契約しているガス会社によっては、お得になる”ガス料金単価設定”が有る。
給湯設備を、エコジョーズにする事によって、ガスの単価自体を値引きする設定。

ガスの使用量が削減されて、更にガス自体を安くするの?
ガス屋さんにとって、メリット無いんじゃ?

ガス屋さんにとっては、”目先の利益”は少ないですね!

目先の利益が減っても、ガス屋さんにも目的が有るので設定しています。
目的①
業界全体で推進している、”エコジョーズ化”に賛同、普及をさせたい為。
家庭用分野の地球温暖化対策として「エコジョーズ化宣言」を実施。
これは、業界全体での大きな取組みとなっています。
最終的には、「設置可能な全てのガス給湯器をエコジョーズにする」というもの。
目的②
長期目線で、顧客の囲い込みをしたい為。
昔とは異なり、電気との競合も厳しくなってきている。
お得にガスを使用してもらう事により、消費者との長い付き合いを目指す為。

エコジョーズ販売価格が安い

機器本体の購入価格が安いかどうかも、重要な要素。
いくら省エネで、月々の料金が削減出来る場合でも、機器代も大切。
給湯設備は、目安として10年~15年が交換サイクル。
従来型給湯器、その他と比較して、自身にとって元が取れるかどうか。

使用量が一定以上多め

従来型給湯器よりも、約15%程度節約になる”エコジョーズ”。
ただし、元々の使用量が少なすぎる場合は、恩恵を受けにくい。
例1)多い場合
1か月ガス代が10,000円 ⇒15%削減で8,500円に。
削減効果1,500円/月。
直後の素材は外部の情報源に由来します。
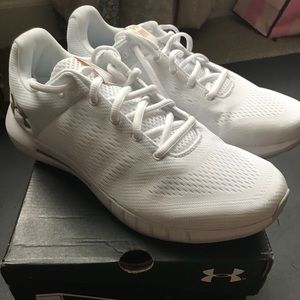 Under Armour Micro G Pursuit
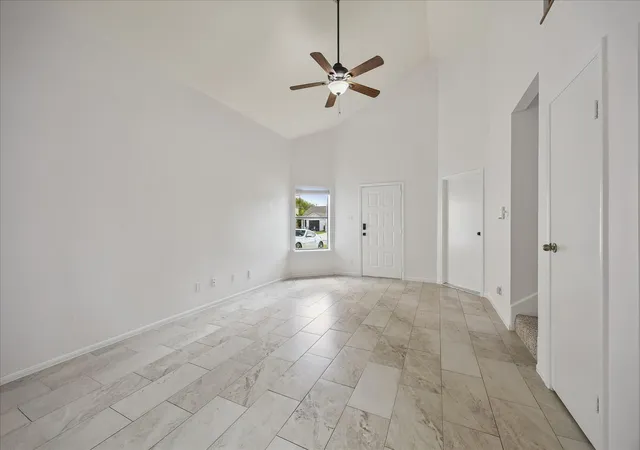 Photo 3 of Single family home for sale at 5813 Guadalupe Dr, Dickinson, TX 77539 | MLS# 60741028 | Listing updated on 2026-08-05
10年で18万円もお得に!
例2)少ない場合
1か月ガス代が2,000円 ⇒15%削減で1,700円に。
削減効果300円/月。10年で3.6万円のお得。
上記、極端な比較ですが、使用料が多い方が恩恵受けやすいですね!

まとめ

「エコジョーズ」オススメな人
・ちょうど、買替えのタイミングを迎えている。
・ガス料金に「エコジョーズ割引」制度や、機器代の特価設定が有る。
・お湯の使用量が有る程度、多い。

・CO2削減等、環境意識が高い。
「エコジョーズオススメでは無いパターン
・マンション等の集合住宅で、エコジョーズへの変更が困難。
・お湯の使用量が少ない。
経済的な、損得勘定だけを検討する場合、「10年で元が取れるか」の判断。
「エコジョーズの購入差額+約10年後の中和器交換代」VS「10年間のガス代の削減額」
判断が難しい場合は、契約のガス屋さんに相談を!
⇒納得できる説明してもらえたら、優秀なガス会社さんかも。
自身でも最低限の知識武装を。
お得に楽しく、毎月の光熱費削減に繋げましょう!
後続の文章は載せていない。